Disaster recovery! Makes you restless, right? What if it turns into reality with your business? Made your blank. No this isn’t said to scare you. In fact, this article is going to offer you a perfect solution to it. So, first, let’s start from the base which is database mirroring.
What is Database Mirroring?
Mirroring itself gives you an idea that it is related to database cloning or duplication. It is actually creating and maintaining redundant copies of a database. This is to confirm continuous data availability and avoid or minimize downtime that might result in a fault in network operation when it is partially compromised or data corruption and loss.
When there is redundancy, it ensured that there is at least one viable copy of a database available and accessible during system upgrades.
Why is it called SQL Server Database Mirroring?
Microsoft SQL Server, a relational database management system (RDBMS) uses database mirroring for maintaining the enterprise environment. The process involves two copies of a single database on the same or different computers termed server instances, usually located physically at a particular distance.
One SQL server acts as a primary server instance called the principal. That offers a database to clients and the mirror server instance called the mirror works as standby so that gets replaced with the primary one if there is some problem. There can be a third SQL Server instance that acts as a witness, in special cases.
How is it implemented?
SQL Server database mirroring configured in two different ways –
One common mirroring configuration environment involves two SQL Servers, two instances, and one mirrored database named SQLDB-1.
Other common configuration environment involves one SQL Server, two instances, and one mirrored database named SQLDB-1. This solution contains a major flaw since if SQLServer-1 goes down both instances will be unavailable.
Now let’s focus on the benefits of SQL Server Database Mirroring –
A built-in SQL server feature.
Relatively easy to set up.
Can provide automatic failover in high safety mode.
Also, one significant advantage of database mirroring is that it can work with other disaster recovery options including log shipping, clustering, and replication.
According to the American proverb – “you have to take the good with the bad”, SQL server mirroring also has some disadvantages coming up with its benefits.
There is a possibility of the removal of database mirroring from SQL Server in future versions due to the rise of Always On Availability Groups.
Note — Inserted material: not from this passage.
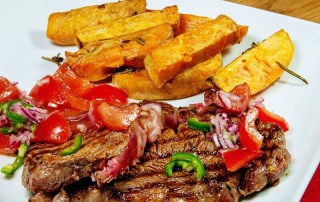 griddled steak with sweet potato wedges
Also, there would be a requirement for the manual creation of logins and jobs from the principal SQL Server as database mirroring is per database-only solution.
At last, what said is businesses need to be on their toes for disaster recovery solutions as disasters may result due to natural calamities, or technical issues or can be done manually. No doubt there are several other solutions for disaster recovery but SQL Server Mirroring can’t be missed.